Desacelerar tem um custo. Talvez seja preciso esquecer a bolsa Prada, o hotel decorado pelo Philippe Starck e o batom da M.A.C. Mas, se você precisa vender a alma ao diabo para ter tudo isso, francamente, está precisando rever seus valores.
E descobrir que uma bolsa de palha, uma pousadinha rústica à beira-mar e o rosto lavado (ok, esqueça o rosto lavado) podem ser prazeres cinco estrelas e nos dar uma nova perspectiva sobre o que é, afinal, uma vida interessante'
Martha Medeiros - Jornalista e escritora
[Obrigada J., acho que tocaste no ponto...]

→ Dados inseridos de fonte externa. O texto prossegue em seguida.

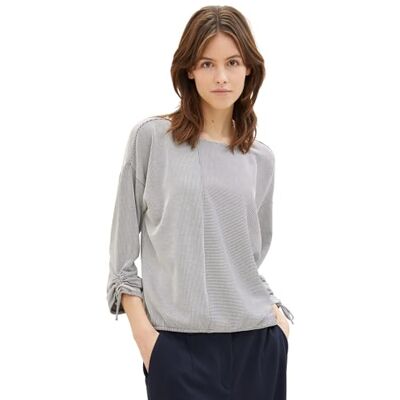 1035680 TOM TAILOR Denim T-shirt damski, 34744 Small Navy White Stripe, XS 1035680 TOM TAILOR Denim T-shirt damski, 34744 Small Navy White Stripe, XS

Monday, September 21, 2009
Vida
Quero beber um café contigo. Sentar-me no canto, afagar o jornal. Quero beber um café contigo. E contigo, e contigo e contigo. Quero sugar o sabor a vida e a mar. Descobrir a verdadeira essência de ser descoberto. Avassalar os lábios e empenhar gargalhadas. Brinca com o meu estômago, alimenta as borboletas. O mundo está aí, eu estou aí. E tu, onde estás?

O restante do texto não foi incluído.